Inspired into his field by the famous ship, the USF diver helps mark where its turret was found.

By RICK GERSHMAN
© St. Petersburg Times
published August 26, 2002


Growing up in Washington in the 1970s, Matt Garvey often vacationed with his family at nearby Hatteras Village, on the Outer Banks islands of North Carolina.

About 16 miles southeast of Cape Hatteras -- and 240 feet underwater -- lay the upside-down wreck of the USS Monitor, the famous ironclad Civil War battleship that sank in a gale on New Year's Eve in 1862. Its location was confirmed in 1974.

The possibility of visiting the Monitor is what prompted Garvey, the son of a Navy engineer, to become a deep-sea scuba diver.

Earlier this month, he got his chance.

"It was an opportunity I've been waiting years for," said Garvey, a scientific diver at the University of South Florida.

USF diving safety officer Bill Dent invited Garvey to join him on the recent 45-day expedition in which U.S. Navy divers raised the Monitor's 150-ton gun turret. The pair were among a half-dozen Tampa Bay area divers who participated.
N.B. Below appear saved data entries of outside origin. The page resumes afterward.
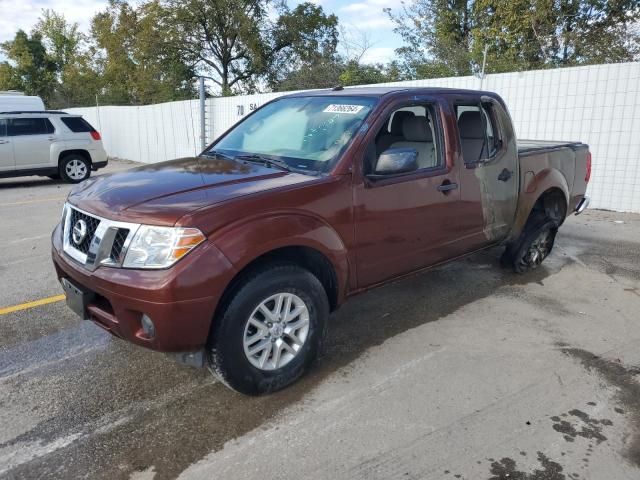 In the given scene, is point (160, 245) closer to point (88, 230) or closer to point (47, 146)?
point (88, 230)

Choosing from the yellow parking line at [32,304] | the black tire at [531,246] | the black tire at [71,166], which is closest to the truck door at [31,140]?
the black tire at [71,166]

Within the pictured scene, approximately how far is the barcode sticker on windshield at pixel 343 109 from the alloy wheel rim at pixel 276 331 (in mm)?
1440

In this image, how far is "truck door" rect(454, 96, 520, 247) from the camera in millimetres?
4168

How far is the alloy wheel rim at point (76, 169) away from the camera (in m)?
12.3

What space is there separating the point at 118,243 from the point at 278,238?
2.78 ft

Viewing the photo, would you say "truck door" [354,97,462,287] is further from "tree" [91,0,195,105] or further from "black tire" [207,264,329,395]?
"tree" [91,0,195,105]

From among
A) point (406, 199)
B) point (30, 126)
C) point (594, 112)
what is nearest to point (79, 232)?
point (406, 199)

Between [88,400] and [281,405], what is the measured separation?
114 cm

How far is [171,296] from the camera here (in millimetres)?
2553

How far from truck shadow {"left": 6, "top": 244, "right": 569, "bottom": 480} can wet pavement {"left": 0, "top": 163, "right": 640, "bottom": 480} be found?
0.03 ft

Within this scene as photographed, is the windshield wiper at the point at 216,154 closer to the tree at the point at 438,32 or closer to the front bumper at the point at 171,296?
the front bumper at the point at 171,296

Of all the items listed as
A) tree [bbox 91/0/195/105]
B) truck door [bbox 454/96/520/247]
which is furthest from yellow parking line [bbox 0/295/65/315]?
tree [bbox 91/0/195/105]

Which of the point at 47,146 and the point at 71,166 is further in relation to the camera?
the point at 71,166

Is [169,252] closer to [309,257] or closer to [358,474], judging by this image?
[309,257] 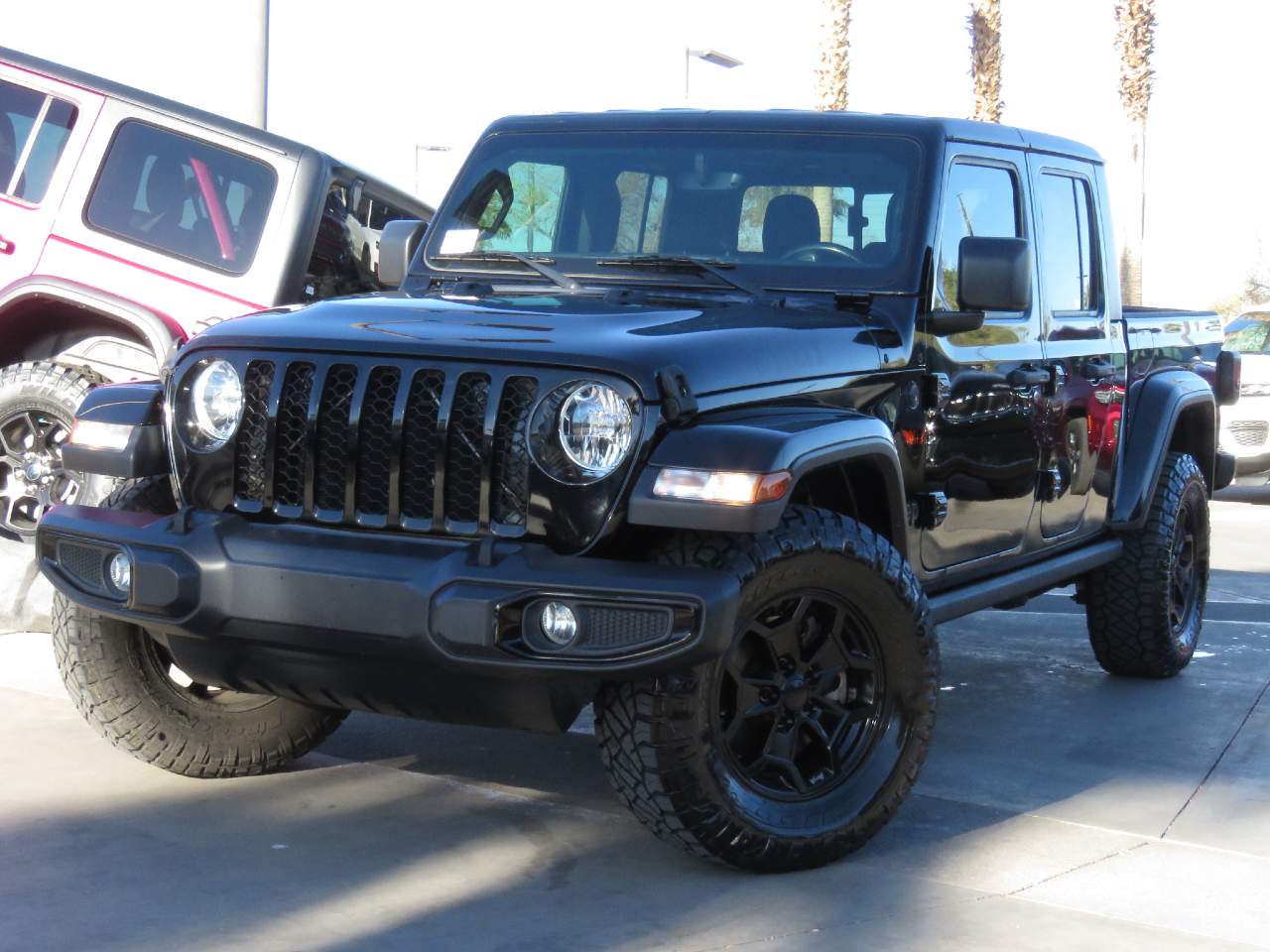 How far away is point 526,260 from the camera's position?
5.09 m

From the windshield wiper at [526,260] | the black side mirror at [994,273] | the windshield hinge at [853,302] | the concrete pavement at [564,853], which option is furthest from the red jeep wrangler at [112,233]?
the black side mirror at [994,273]

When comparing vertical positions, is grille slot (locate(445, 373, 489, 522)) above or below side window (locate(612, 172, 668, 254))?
below

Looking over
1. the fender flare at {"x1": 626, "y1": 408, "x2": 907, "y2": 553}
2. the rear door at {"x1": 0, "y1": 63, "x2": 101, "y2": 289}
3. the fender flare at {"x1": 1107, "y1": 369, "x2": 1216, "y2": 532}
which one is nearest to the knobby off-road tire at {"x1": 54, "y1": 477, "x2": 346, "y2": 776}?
the fender flare at {"x1": 626, "y1": 408, "x2": 907, "y2": 553}

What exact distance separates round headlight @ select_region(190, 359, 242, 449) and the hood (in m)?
0.07

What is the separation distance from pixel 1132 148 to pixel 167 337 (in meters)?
17.8

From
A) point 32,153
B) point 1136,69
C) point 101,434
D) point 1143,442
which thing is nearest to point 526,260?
point 101,434

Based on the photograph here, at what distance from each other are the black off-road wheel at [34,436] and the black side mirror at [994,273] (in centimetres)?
443

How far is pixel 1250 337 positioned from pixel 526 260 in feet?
39.1

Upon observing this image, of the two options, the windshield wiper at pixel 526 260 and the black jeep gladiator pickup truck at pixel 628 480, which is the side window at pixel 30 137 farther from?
the windshield wiper at pixel 526 260

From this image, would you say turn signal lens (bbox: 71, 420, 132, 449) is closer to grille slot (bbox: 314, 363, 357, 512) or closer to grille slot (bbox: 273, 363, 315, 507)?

Dent, 51, and Garvey, 41, also were appointed to perform a key duty following the turret's removal: The USF diving duo erected a "baseline," a tool that will allow future divers to determine the location of artifacts relative to where the turret was first discovered.

Garvey downplayed the importance of the assignment, noting that he and Dent had arrived for the project's final week and were far less familiar with the site than divers who arrived in June.

"It was really the simplest thing for us to do," he said.

photo
Dent
The facts, however, suggest that Garvey was being modest: As Dent explained, there was nothing simple about the dive, which took place in high winds and a strong current of up to three knots. Waves ran 8 to 10 feet. Each diver required the use of four tanks.

Because of the current and the depth of the dive, the pair had to enter the water from a moving boat headed upstream and use the current to drift toward the wreck as they descended quickly. Had they entered the water directly above the wreck, Dent said, the current would have pushed them far off course.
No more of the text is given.